3 min to read
Fall Jerkbaits – Shawn Overton
Category : BACK DECK
One of the most overlooked lures during the fall transition is a jerkbait. Fall is a great time to get on the water and chase schooling bass. When the water temps start to dip around the 60 degree mark, I’ll tie on a jerkbait. When everyone else is throwing reaction baits, like topwater walking baits, spinnerbaits, or even lipless crankbaits, a jerkbait gives the fish a different look. Don’t underestimate the productivity of the jerkbait in the fall. It’s not just an early spring bait.
These baits are well known in the angler community but I don’t think most anglers use them to there fullest potential.

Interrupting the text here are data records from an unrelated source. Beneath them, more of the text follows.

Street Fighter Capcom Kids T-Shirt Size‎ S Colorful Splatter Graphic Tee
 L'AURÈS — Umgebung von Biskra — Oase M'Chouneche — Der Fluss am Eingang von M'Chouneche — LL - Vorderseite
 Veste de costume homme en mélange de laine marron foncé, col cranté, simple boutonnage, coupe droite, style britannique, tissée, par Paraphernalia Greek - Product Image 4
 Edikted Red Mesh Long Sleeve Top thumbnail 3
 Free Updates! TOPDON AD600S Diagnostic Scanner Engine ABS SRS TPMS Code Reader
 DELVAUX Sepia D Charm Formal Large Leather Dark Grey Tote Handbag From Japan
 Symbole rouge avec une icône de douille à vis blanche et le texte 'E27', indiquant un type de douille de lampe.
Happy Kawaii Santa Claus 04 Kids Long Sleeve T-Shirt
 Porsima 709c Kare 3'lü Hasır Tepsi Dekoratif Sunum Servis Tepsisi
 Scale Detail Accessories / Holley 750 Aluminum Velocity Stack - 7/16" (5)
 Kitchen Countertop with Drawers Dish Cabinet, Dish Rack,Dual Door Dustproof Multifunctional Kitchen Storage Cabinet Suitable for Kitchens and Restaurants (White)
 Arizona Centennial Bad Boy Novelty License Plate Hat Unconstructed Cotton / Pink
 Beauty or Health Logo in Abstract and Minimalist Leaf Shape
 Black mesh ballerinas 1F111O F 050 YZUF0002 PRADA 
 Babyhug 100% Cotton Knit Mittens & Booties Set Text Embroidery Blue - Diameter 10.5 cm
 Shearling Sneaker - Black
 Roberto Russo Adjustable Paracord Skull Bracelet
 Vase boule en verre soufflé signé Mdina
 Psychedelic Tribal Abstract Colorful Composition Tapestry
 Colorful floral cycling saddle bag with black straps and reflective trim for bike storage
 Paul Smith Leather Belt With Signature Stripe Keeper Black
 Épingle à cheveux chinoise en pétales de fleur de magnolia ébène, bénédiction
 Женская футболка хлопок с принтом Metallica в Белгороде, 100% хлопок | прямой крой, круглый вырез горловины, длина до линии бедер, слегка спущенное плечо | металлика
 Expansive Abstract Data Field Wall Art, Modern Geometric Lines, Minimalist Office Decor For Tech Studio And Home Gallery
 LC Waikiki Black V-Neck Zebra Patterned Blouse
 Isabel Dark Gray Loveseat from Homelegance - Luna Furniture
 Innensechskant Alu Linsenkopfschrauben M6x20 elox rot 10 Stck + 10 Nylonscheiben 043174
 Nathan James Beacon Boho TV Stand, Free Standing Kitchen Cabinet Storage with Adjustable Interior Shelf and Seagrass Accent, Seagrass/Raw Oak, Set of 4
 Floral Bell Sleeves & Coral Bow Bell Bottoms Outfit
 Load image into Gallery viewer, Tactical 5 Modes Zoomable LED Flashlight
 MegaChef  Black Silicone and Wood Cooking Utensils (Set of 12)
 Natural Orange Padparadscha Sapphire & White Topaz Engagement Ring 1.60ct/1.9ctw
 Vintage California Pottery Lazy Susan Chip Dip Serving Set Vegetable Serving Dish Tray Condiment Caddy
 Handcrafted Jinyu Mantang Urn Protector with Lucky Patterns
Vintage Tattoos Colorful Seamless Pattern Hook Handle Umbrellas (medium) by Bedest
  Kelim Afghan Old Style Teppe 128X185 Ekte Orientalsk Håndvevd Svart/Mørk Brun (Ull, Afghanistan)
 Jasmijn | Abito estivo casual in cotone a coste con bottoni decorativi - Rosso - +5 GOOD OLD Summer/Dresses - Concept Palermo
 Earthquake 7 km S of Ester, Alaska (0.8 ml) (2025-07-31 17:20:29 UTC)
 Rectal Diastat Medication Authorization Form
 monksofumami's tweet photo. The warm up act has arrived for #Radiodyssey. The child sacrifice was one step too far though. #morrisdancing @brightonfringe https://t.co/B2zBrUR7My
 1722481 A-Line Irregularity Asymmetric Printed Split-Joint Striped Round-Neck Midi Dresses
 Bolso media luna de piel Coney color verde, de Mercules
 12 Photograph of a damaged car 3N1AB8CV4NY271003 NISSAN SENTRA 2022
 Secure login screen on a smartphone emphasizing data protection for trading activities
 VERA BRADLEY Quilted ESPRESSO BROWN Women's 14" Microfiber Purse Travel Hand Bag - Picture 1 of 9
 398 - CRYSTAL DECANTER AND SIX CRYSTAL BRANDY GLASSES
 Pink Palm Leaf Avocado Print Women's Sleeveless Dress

When bass are in the fall transition, they spend their days roaming looking for schools of bait. Nothing mimics an injured or confused baitfish like a jerkbait. With there tight wobbling action and the stop-and-go retrieve, you can mimic any baitfish the bass are keying in on.
When chasing fall bass, you might be looking for bass that are on points and around bluff walls before they head back into the creeks. When bass are roaming around bluffs looking for baitfish, they like to suspend in the water column; this is when a jerkbait shines. When fishing around bluffs, I make long casts all the way to the walls and work the bait back to the boat. The water around bluff walls is typically clear so the bass will travel longer distances to eat it. Sometimes the bass can be very hard to trigger into biting. This is when you need to experiment with your retrieve. Just because a twitch, twitch, pause worked on the day before dosen’t mean it will work today. So experiment with your retrieve. Let the fish tell you what they want.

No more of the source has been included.